-1

I simply want to print out all bytes from 0 to 255 as an ASCII character list string, such that if that byte cannot be decoded to an ASCII character, it is simply not shown in the list string.

I have seen How can we print a list of all printable ASCII characters to the console using python? - but it contains an answer where you manually "limit" the byte values considered for printing in the "for" loop to the "printable" ASCII values - and I would like to "outsorce" that to the Python3 encoder/decoder, if possible?

An example: as a first attempt, this works:

$ python3 -c 'arr=[ix for ix in range(256)]; print(bytes(arr))'
b'\x00\x01\x02\x03\x04\x05\x06\x07\x08\t\n\x0b\x0c\r\x0e\x0f\x10\x11\x12\x13\x14\x15\x16\x17\x18\x19\x1a\x1b\x1c\x1d\x1e\x1f !"#$%&\'()*+,-./
0123456789:;<=>?@ABCDEFGHIJKLMNOPQRSTUVWXYZ[\\]^_`abcdefghijklmnopqrstuvwxyz{|}~\x7f\x80\x81\x82\x83\x84\x85\x86\x87\x88\x89\x8a\x8b\x8c\x8d\
x8e\x8f\x90\x91\x92\x93\x94\x95\x96\x97\x98\x99\x9a\x9b\x9c\x9d\x9e\x9f\xa0\xa1\xa2\xa3\xa4\xa5\xa6\xa7\xa8\xa9\xaa\xab\xac\xad\xae\xaf\xb0\x
b1\xb2\xb3\xb4\xb5\xb6\xb7\xb8\xb9\xba\xbb\xbc\xbd\xbe\xbf\xc0\xc1\xc2\xc3\xc4\xc5\xc6\xc7\xc8\xc9\xca\xcb\xcc\xcd\xce\xcf\xd0\xd1\xd2\xd3\xd
4\xd5\xd6\xd7\xd8\xd9\xda\xdb\xdc\xdd\xde\xdf\xe0\xe1\xe2\xe3\xe4\xe5\xe6\xe7\xe8\xe9\xea\xeb\xec\xed\xee\xef\xf0\xf1\xf2\xf3\xf4\xf5\xf6\xf7
\xf8\xf9\xfa\xfb\xfc\xfd\xfe\xff'

... except I get \x** for the "unprintable characters", whereas I'd want them to be simply left out.

So I tried .decode:

$ python3 -c 'arr=[ix for ix in range(256)]; print(bytes(arr).decode())'
Traceback (most recent call last):
  File "<string>", line 1, in <module>
UnicodeDecodeError: 'utf-8' codec can't decode byte 0x80 in position 128: invalid start byte

$ python3 -c 'arr=[ix for ix in range(256)]; print(bytes(arr).decode("ascii"))'
Traceback (most recent call last):
  File "<string>", line 1, in <module>
UnicodeDecodeError: 'ascii' codec can't decode byte 0x80 in position 128: ordinal not in range(128)
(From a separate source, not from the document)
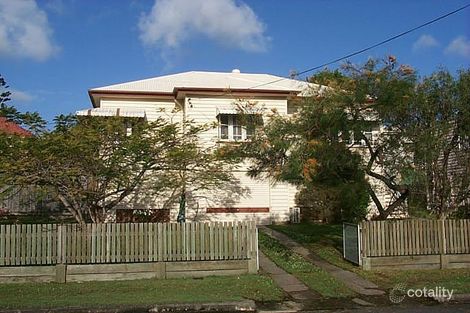 36 Brinawa St, Camp Hill, QLD 4152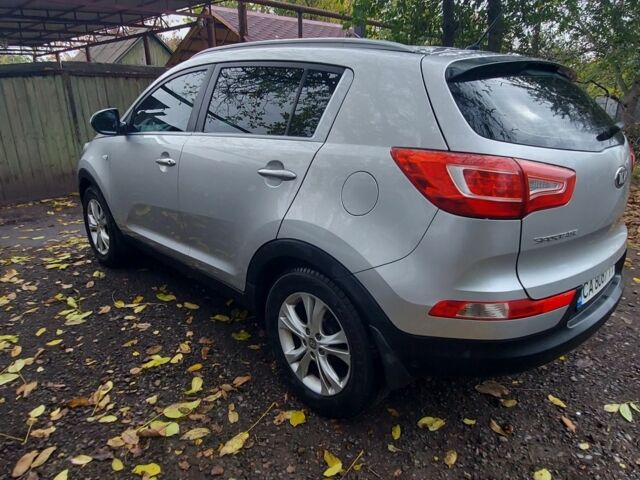 Киа Sportage 2013 в Славянске на Automoto.ua Серый Киа Sportage, объемом двигателя 2 л и пробегом 208 тыс. км за 9200 $, фото 3 на Automoto.ua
In desperation, I tried too:

$ python3 -c 'arr=[ix for ix in range(256)]; print(bytes(arr).encode("ascii"))'
Traceback (most recent call last):
  File "<string>", line 1, in <module>
AttributeError: 'bytes' object has no attribute 'encode'. Did you mean: 'decode'?

So, of course I could try piping the output of python3 -c 'arr=[ix for ix in range(256)]; print(bytes(arr))' into some regex that will filter out \x(character)(character), as in:

$ \python3 -c 'arr=[ix for ix in range(256)]; print(bytes(arr))' | sed 's/\\x..//g'
b'\t\n\r !"#$%&\'()*+,-./0123456789:;<=>?@ABCDEFGHIJKLMNOPQRSTUVWXYZ[\\]^_`abcdefghijklmnopqrstuvwxyz{|}~'

... but that seems an overkill - I should be able to set up encode/decode to give me this directly from Python, shouldn't I?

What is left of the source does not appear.